Tackling Climate Risk, Financial Modelling

The II Workshop on Quantitative Finance, hosted at the Protea Hotel Techno Park in Stellenbosch, took place from 14–18 July 2025. It brought together leading scholars, policymakers, and industry experts to explore the intersection of sustainability, climate-related risks, and innovative financial modelling.

Organised by NITheCS Associate Prof Mesias Alfeus (Stellenbosch University), the event was supported by NITheCS. The Institute’s Director Prof Francesco Petruccione opened the workshop with a vision to position Africa as a global hub for cutting-edge research in computational finance.

Bridging Academia, Policy and Practice

NITheCS’s five-year roadmap places strong emphasis on aligning academic research with policy structures. A keynote session by Mr Bheki Hadebe (DSTI) affirmed this strategy, showing how NITheCS embeds government-funded initiatives into its research platforms – particularly in areas like climate risk, benchmark reform, and sustainable investing. This structural support ensures that advanced quantitative methods are channelled into practical, real-world policy applications.

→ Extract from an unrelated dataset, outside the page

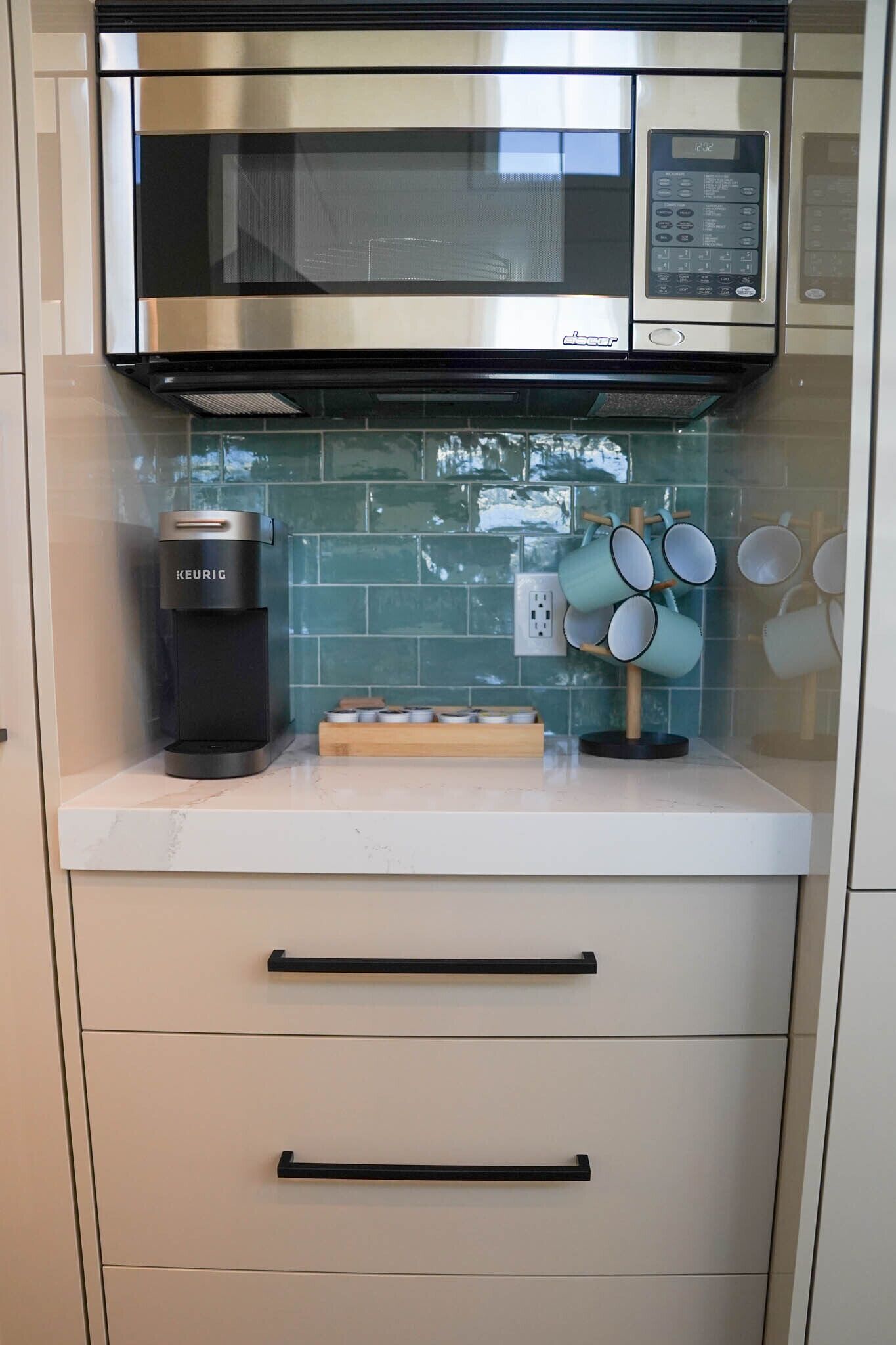 35 minutes from both Gainesville and Ocala, 20 minutes from HITS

Rethinking Pricing Models: The Benchmark Approach

In a stimulating mini school, Prof Eckhard Platen introduced the benchmark approach, an alternative to traditional risk-neutral pricing. Grounded in the growth optimal portfolio (GOP), this framework offers insights into information efficiency, market scaling laws, and a novel neutral interest rate. These ideas not only reframe financial theory but also have immediate relevance for the ongoing benchmark transition in South Africa.

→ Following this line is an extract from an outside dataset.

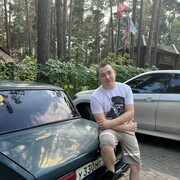  ,  Dima, 23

JIBAR to ZARONIA: The Technical Path to Reform

The South African Reserve Bank (SARB) mini school, led by Mr Zakhele Gininda and Mr Naweed Hoosenmia, walked participants through South Africa’s move from JIBAR to ZARONIA. It focused on practical issues like data infrastructure, curve construction, and fallback provisions. The sessions revealed that benchmark reform is as much a systems engineering task as a financial modelling one, prompting robust debate on implementation strategies.

Climate Risk Modelling: from Global Systems to Local Portfolios

A full day was dedicated to climate risk. Prof Matheus Grasselli showcased how machine learning can simplify high-dimensional climate–economic models, enabling faster policy simulations. Meanwhile, Dr Petri Greeff illustrated how climate scenarios influence pension fund allocations, and Prof Rüdiger Kiesel used stochastic methods to stress test financial systems under various net zero pathways. Together, these talks underscored the urgent need for integrated models linking macroeconomic policy, climate science, and portfolio management.

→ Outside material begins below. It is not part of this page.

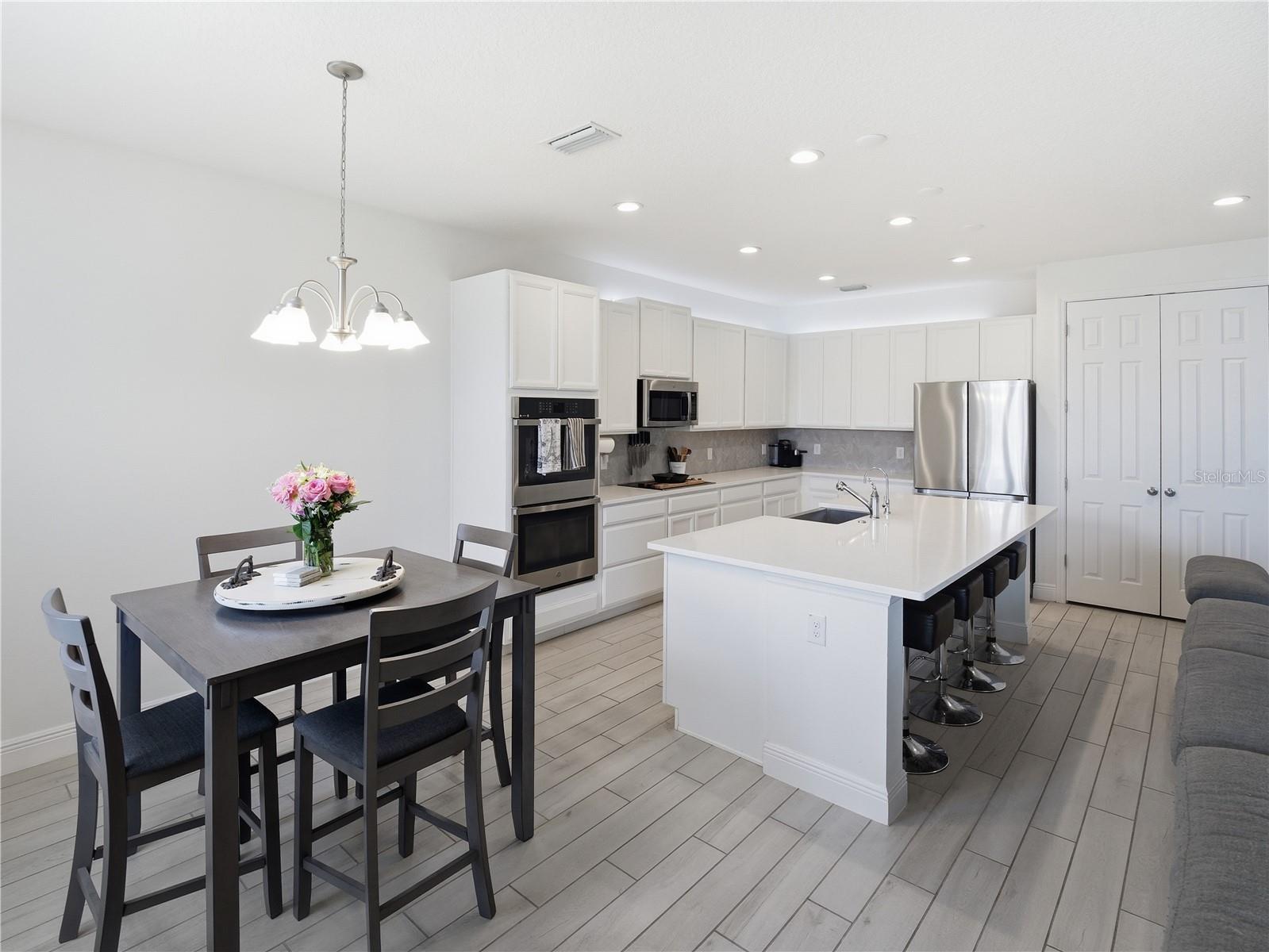 HANOVER LAKES PH 4 - Residential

Beyond the Conventional: Wine as an Asset Class

Midweek, delegates explored fine wine as an innovative investment. Prof Alfeus presented the SAFW10 Index, showing how top South African wines offer diversification during market stress. Mr Roland Peens described a new Bond Wine AMC product—an ISIN-listed fine wine investment vehicle – demonstrating the real-world viability of alternative assets. A live tasting, courtesy of Glenelly and The Stellenbosch Reserve, lent a sensory dimension to the day’s theory.

Cutting-edge Research and Youth Engagement

More than 30 short presentations spanned topics from tail risk indices and generative AI for volatility modelling to default risk under IFRS 9 and environmental policy games. These talks confirmed that modern finance increasingly draws from data science, machine learning, and complex systems theory.

The closing session by Mr Johannes Meyer highlighted efforts to expand the pipeline of future financial scientists through gamified outreach programmes targeting high school learners – a fitting finale to a week focused on innovation and sustainability.

Looking ahead

The workshop left three key takeaways:

  1. Interdisciplinary collaboration between academia, government and industry is essential for sustainable finance innovation.
  2. Holistic modelling pipelines – from macroeconomic forecasts to portfolio-level implementation – are now both possible and necessary.
  3. Institutional partnerships such as the NITheCS–CQF alliance and an upcoming special issue of the International Journal of Theoretical and Applied Finance (IJTAF) ensure ongoing research impact and dissemination.

Next steps include:

Participation in the InSPiR2eS Global Pitching Research Competition 2025 (Stellenbosch Chapter)

Submissions to the IJTAF special issue on Quantitative Finance by 15 October 2025.

The next workshop is scheduled for 22–26 September 2025 at Stellenbosch University.